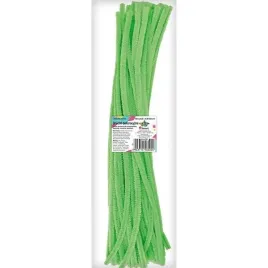 druciki-dekoracyjne-titanum-fluo-zielone-06x30-cm-50-sztuk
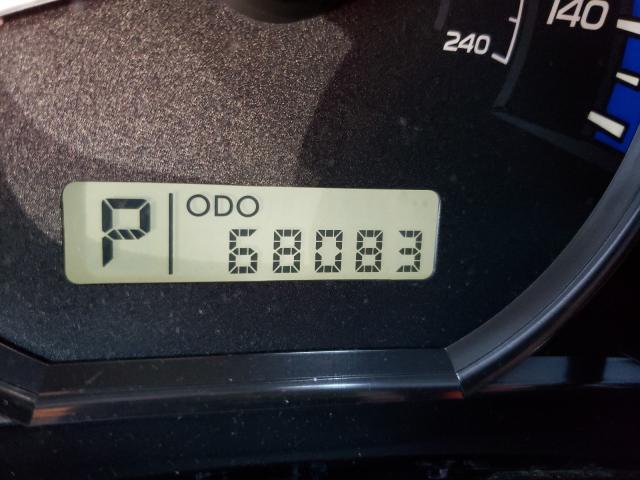 2012 SUBARU FORESTER 2 - JF2SHBCC8CH418722
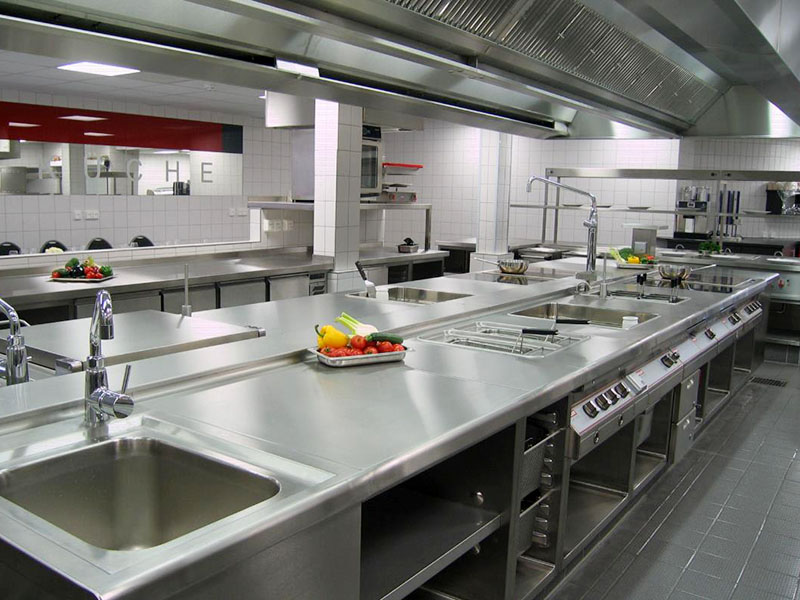 廣西星級酒店廚房工程 廣西星級酒店廚房工程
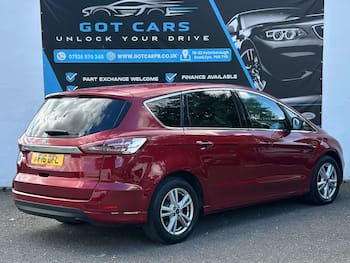 Used Ford S-Max 2016 for sale - 79760100: Photo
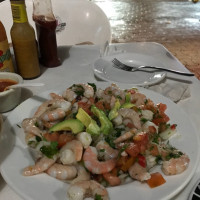 Marisqueria Las Brisas food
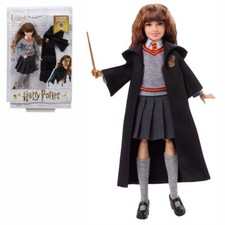 Hermine Granger Puppe | Mattel | Harry Potter Kammer des Schreckens
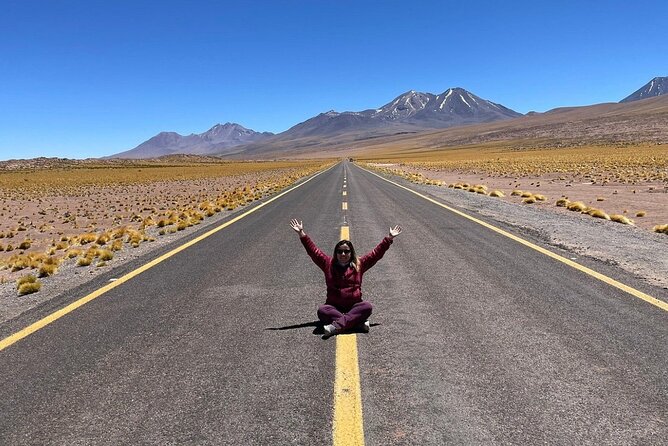 Expedition to Ruta de los Salares + Culinary Delights - What this Atacama day is really about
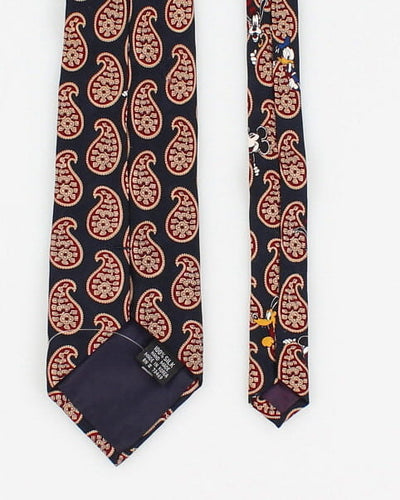 Mickey Mouse Silk Tie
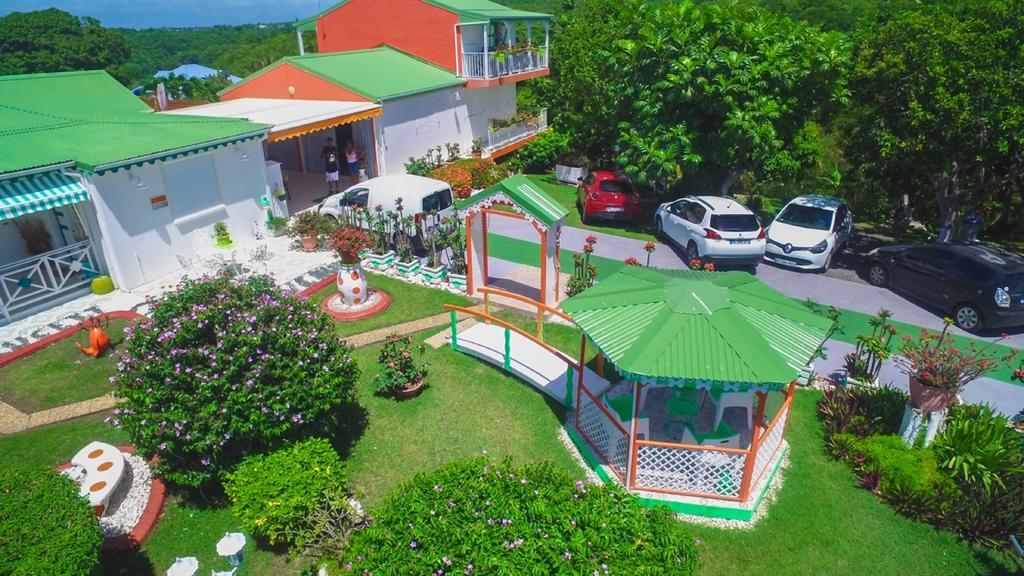Villa Ludivine Sainte-Anne  Luaran gambar
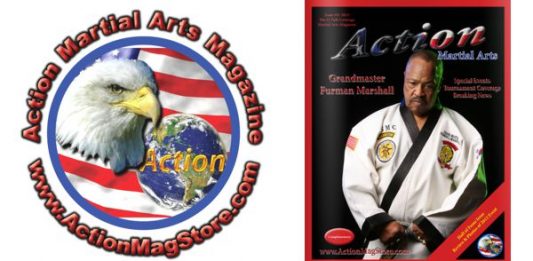 Action Martial Arts Magazine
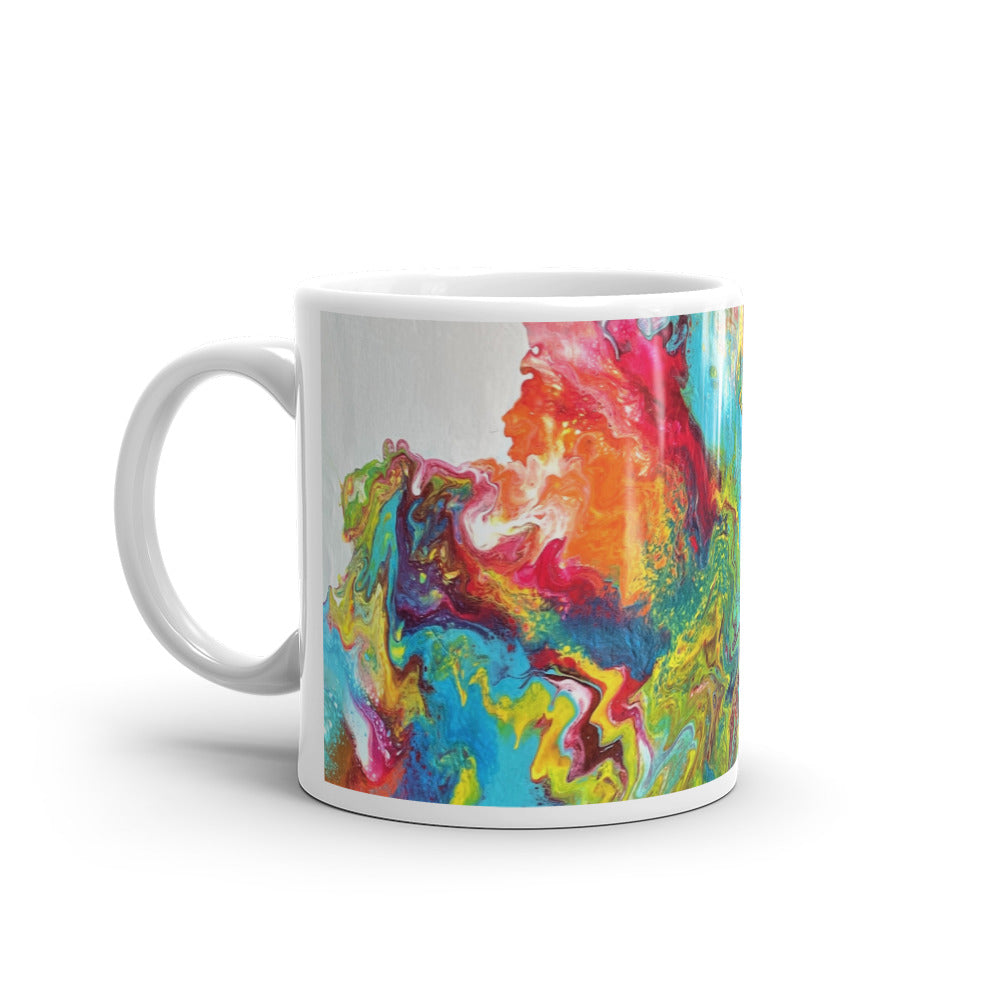 Reef Coffee Mug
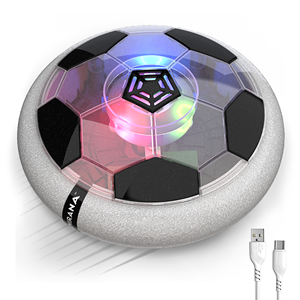 Balón de Fútbol Flotante Mirana |   Fútbol Aéreo Inteligente |   Fútbol de Pelota Flotante para Interiores |   Batería Recargable USB Tipo C - Product Image 4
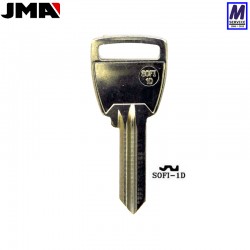 Sofi SOFI-1D JMA key blank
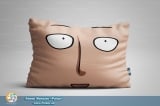 Міні подушка 40*30 [одностороння] - One-punch man tape 1
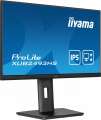 IIYAMA Monitor 23.8 cala XUB2493HS-B5 IPS.HDMI.DP.2x2W.HAS(150mm)-3011023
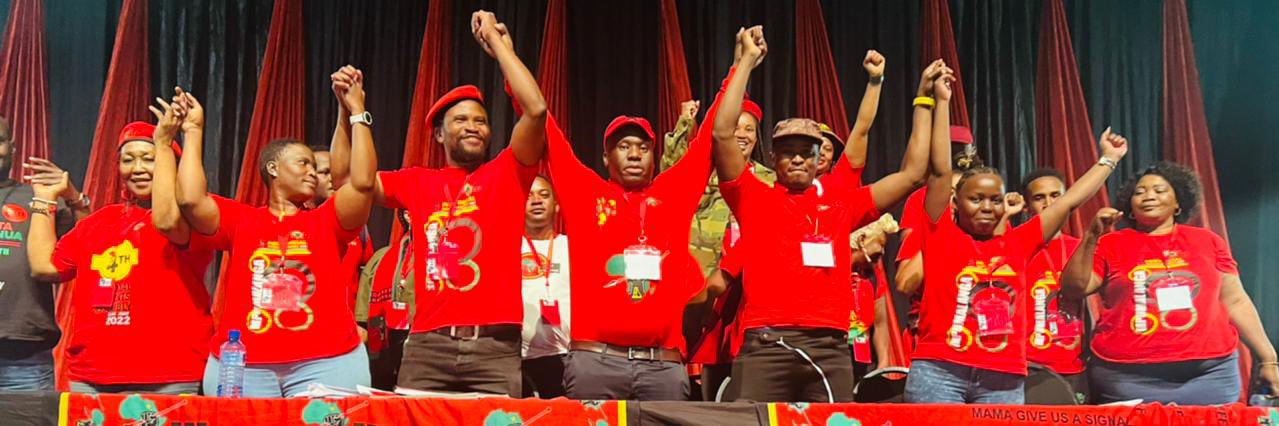 Mpho Edward Morokolo's banner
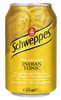 Obrázek Nápoje plech - Schweppes Tonic / 0,33 l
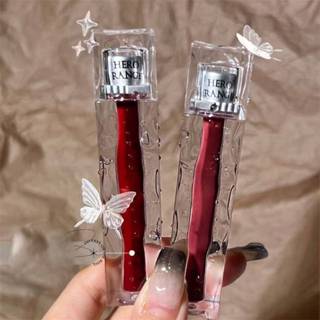 Son bóng lì son kem bóng trong suốt lì không trôi dưỡng môi căng mọng nội địa trung DANA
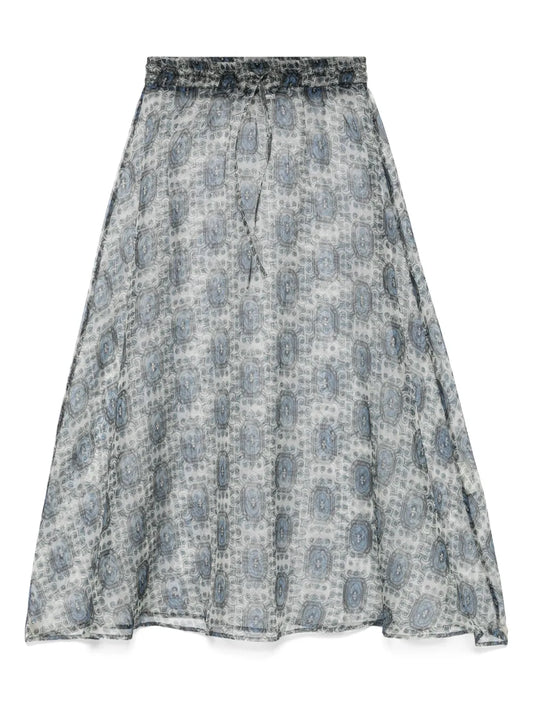 Kobe Midi Skirt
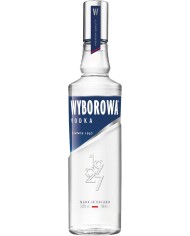 Vodka Wyborowa 700 ml.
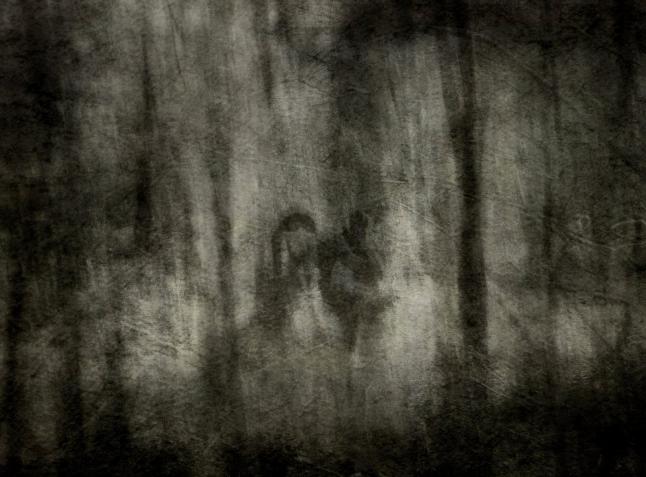 the forest woman - Berthier Philippe - Click to enlarge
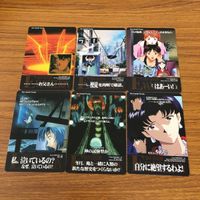 エヴァンゲリオン カード まとめ 31 サムネイル 1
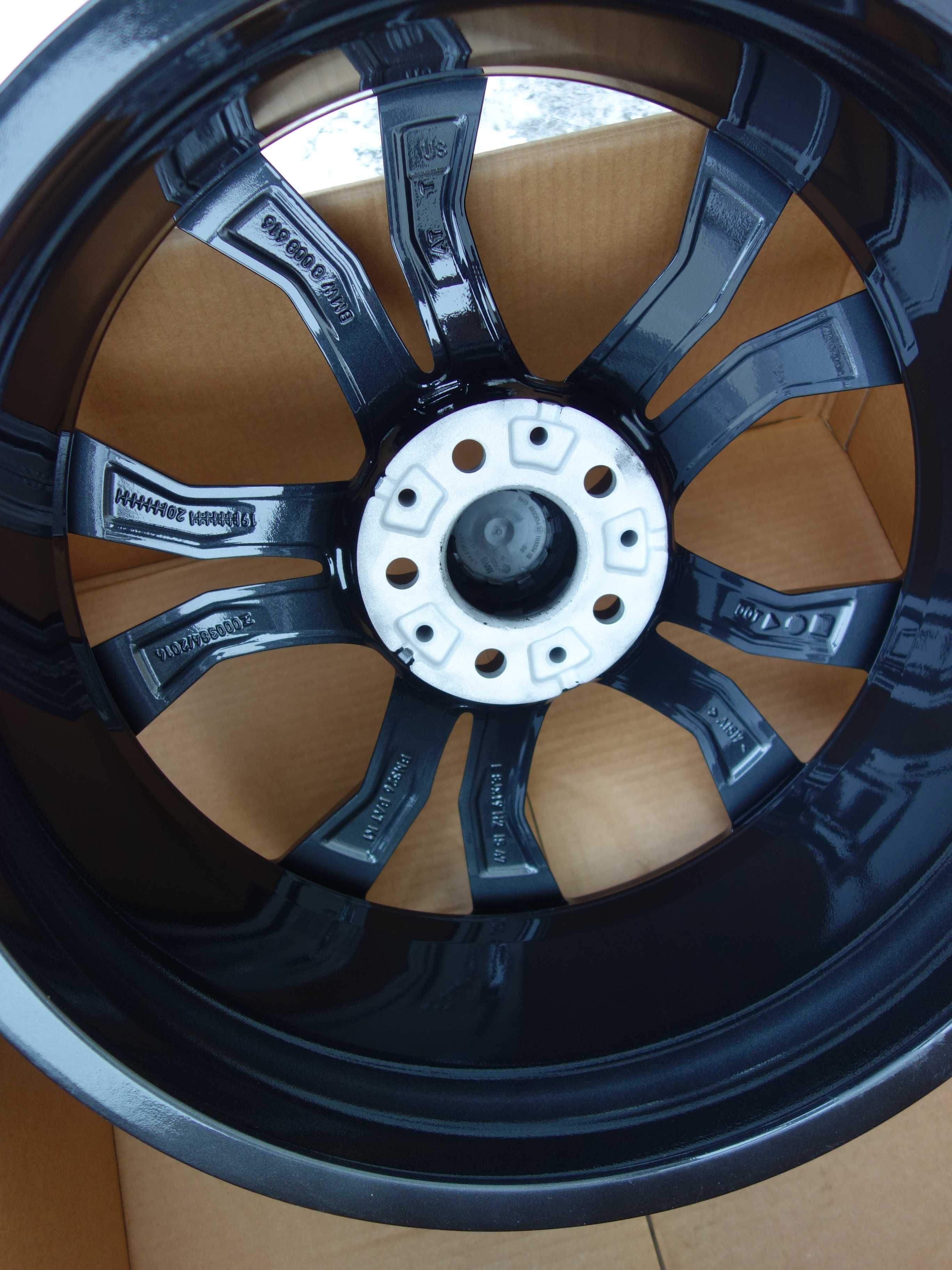 Felgi BMW X1 F48 LCI X2 F39 19'' M-PAKIET Oryginał BMW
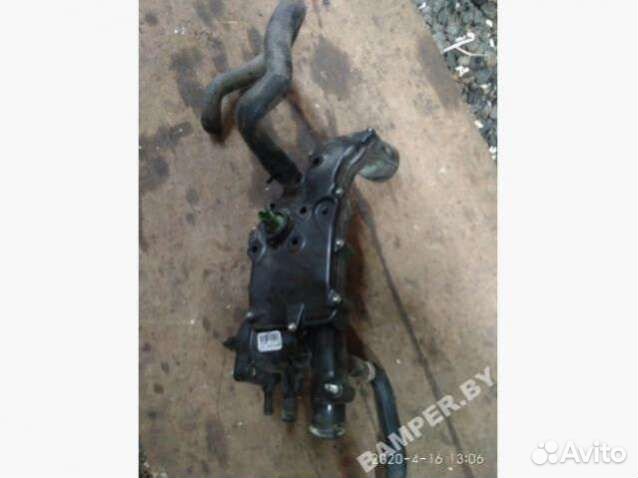 Корпус термостата 9643211880 Peugeot 306 2.0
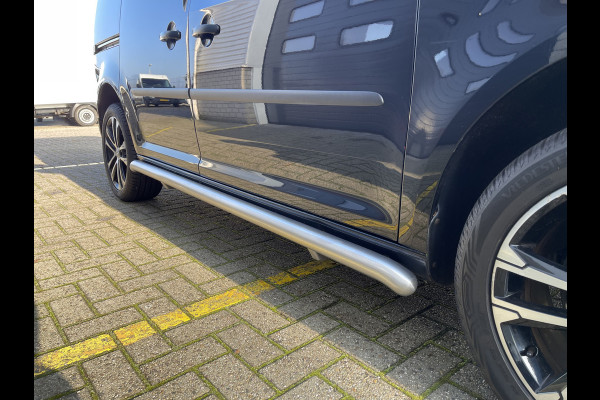 Volkswagen Caddy 2.0 TDI L1H1 BMT Economy Business / vaste prijs rijklaar € 9.950 ex btw / lease vanaf € 201 / airco / 17 Inch lichtmetalen velgen / sidebars / trekhaak / euro 6 !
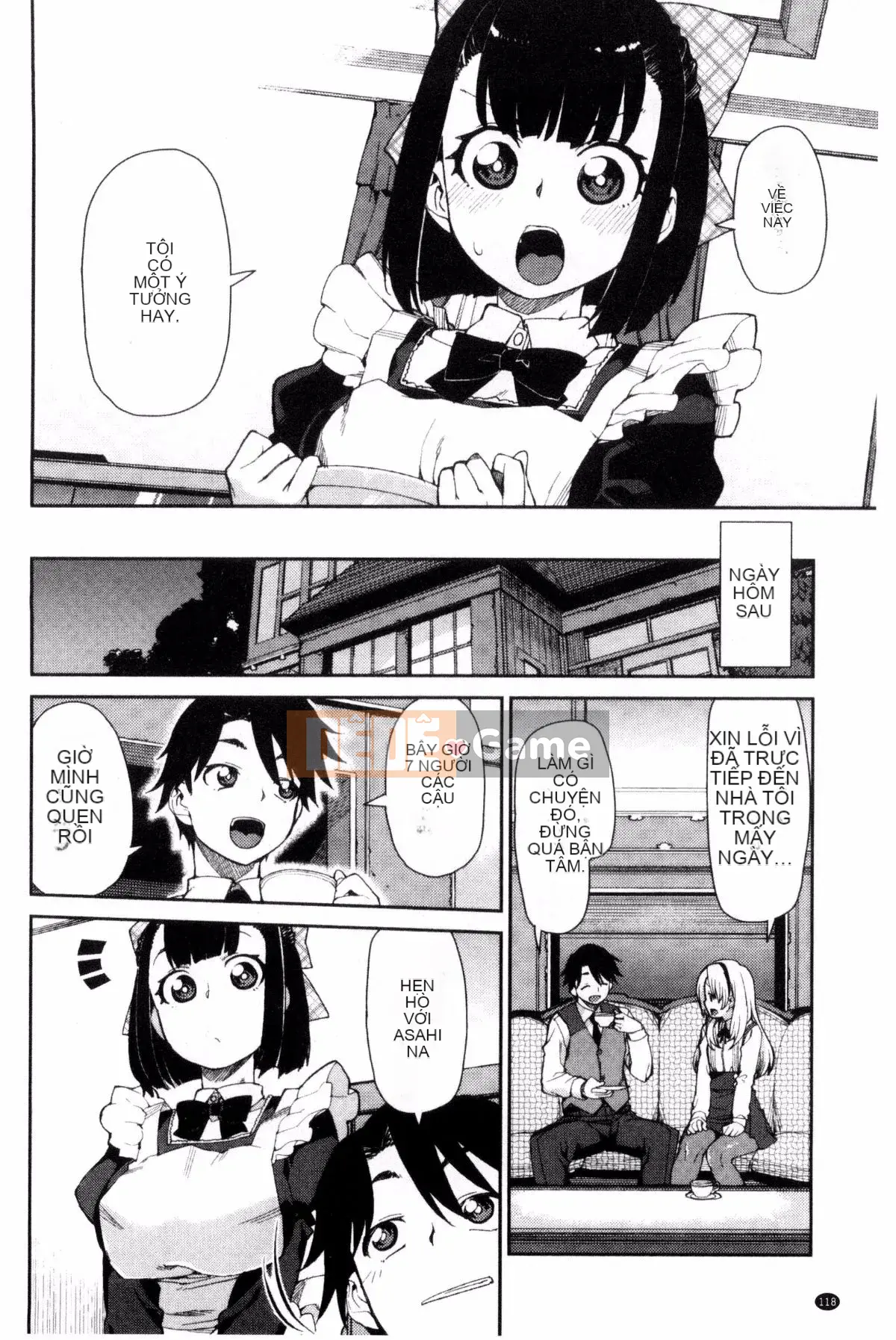 [Akizuki Itsuki] Với những gợi ý thôi miên, "Bạn sẽ luôn tục tĩu"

▶ **Exercise**
Word-for-word transcript, pictures excluded: copy all the material above.

▶ **Exercise output**
 druciki-dekoracyjne-titanum-fluo-zielone-06x30-cm-50-sztuk
 2012 SUBARU FORESTER 2 - JF2SHBCC8CH418722
 廣西星級酒店廚房工程 廣西星級酒店廚房工程
 Used Ford S-Max 2016 for sale - 79760100: Photo
 Marisqueria Las Brisas food
 Hermine Granger Puppe | Mattel | Harry Potter Kammer des Schreckens
 Expedition to Ruta de los Salares + Culinary Delights - What this Atacama day is really about
 Mickey Mouse Silk Tie
Villa Ludivine Sainte-Anne  Luaran gambar
 Action Martial Arts Magazine
 Reef Coffee Mug
 Balón de Fútbol Flotante Mirana |   Fútbol Aéreo Inteligente |   Fútbol de Pelota Flotante para Interiores |   Batería Recargable USB Tipo C - Product Image 4
 Sofi SOFI-1D JMA key blank
 Міні подушка 40*30 [одностороння] - One-punch man tape 1
 IIYAMA Monitor 23.8 cala XUB2493HS-B5 IPS.HDMI.DP.2x2W.HAS(150mm)-3011023
 Mpho Edward Morokolo's banner
 Obrázek Nápoje plech - Schweppes Tonic / 0,33 l
 Son bóng lì son kem bóng trong suốt lì không trôi dưỡng môi căng mọng nội địa trung DANA
 Kobe Midi Skirt
 Vodka Wyborowa 700 ml.
 the forest woman - Berthier Philippe - Click to enlarge
 エヴァンゲリオン カード まとめ 31 サムネイル 1
 Felgi BMW X1 F48 LCI X2 F39 19'' M-PAKIET Oryginał BMW
 Корпус термостата 9643211880 Peugeot 306 2.0
 Volkswagen Caddy 2.0 TDI L1H1 BMT Economy Business / vaste prijs rijklaar € 9.950 ex btw / lease vanaf € 201 / airco / 17 Inch lichtmetalen velgen / sidebars / trekhaak / euro 6 !
 [Akizuki Itsuki] Với những gợi ý thôi miên, "Bạn sẽ luôn tục tĩu"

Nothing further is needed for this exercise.